Saved data entries:
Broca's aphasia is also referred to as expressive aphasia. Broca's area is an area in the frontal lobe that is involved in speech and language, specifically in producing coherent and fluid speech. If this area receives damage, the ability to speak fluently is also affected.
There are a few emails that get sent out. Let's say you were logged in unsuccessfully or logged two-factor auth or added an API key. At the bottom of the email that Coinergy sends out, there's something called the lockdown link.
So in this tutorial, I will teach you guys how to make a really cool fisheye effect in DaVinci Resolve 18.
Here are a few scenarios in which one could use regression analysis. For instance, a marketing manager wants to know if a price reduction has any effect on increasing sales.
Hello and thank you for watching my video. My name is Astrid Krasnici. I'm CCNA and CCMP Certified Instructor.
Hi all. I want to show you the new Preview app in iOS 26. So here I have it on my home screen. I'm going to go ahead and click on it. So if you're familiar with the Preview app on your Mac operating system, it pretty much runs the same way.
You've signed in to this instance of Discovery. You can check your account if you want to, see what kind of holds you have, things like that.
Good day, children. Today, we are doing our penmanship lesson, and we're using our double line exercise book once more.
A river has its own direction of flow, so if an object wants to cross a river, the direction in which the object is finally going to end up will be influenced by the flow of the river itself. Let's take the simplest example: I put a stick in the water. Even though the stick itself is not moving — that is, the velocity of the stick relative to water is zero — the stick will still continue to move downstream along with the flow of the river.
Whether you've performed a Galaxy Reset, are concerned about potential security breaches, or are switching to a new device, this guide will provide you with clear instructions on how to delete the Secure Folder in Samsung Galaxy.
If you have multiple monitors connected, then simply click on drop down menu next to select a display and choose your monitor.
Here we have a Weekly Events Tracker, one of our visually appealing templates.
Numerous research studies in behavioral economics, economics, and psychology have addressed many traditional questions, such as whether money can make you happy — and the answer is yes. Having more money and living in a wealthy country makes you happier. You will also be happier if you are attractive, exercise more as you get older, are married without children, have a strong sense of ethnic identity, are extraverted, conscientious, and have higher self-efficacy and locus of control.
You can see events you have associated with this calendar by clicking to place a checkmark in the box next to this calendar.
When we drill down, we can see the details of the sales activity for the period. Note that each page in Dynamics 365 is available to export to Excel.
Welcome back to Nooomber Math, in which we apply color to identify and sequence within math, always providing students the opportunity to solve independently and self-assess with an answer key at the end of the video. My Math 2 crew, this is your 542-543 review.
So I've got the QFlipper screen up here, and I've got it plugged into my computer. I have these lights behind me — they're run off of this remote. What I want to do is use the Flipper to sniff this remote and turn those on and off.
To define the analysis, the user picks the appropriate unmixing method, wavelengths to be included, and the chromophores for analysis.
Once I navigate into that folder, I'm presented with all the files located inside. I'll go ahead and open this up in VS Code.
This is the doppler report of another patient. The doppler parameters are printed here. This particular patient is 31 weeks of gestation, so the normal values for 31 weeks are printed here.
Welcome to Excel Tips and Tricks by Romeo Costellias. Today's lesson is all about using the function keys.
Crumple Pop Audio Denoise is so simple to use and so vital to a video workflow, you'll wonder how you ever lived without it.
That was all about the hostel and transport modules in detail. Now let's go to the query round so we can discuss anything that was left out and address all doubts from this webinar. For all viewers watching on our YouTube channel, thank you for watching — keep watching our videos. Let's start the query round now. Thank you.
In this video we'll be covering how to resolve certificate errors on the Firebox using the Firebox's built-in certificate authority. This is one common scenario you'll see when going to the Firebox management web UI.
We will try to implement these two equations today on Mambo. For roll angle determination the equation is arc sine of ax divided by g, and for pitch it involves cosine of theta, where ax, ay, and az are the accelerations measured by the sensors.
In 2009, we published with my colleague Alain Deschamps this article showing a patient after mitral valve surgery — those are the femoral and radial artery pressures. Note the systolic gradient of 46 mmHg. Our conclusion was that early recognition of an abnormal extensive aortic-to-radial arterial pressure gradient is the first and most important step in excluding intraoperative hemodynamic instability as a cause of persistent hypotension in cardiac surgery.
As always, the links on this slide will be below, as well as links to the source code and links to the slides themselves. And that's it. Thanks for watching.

Assignment =>
The expected answer is an exact copy of the lines above, beginning at the line with "To define the" and ending at the line with "Once I navigate", with both ends in.

Response area =>
To define the analysis, the user picks the appropriate unmixing method, wavelengths to be included, and the chromophores for analysis.
Once I navigate into that folder, I'm presented with all the files located inside. I'll go ahead and open this up in VS Code.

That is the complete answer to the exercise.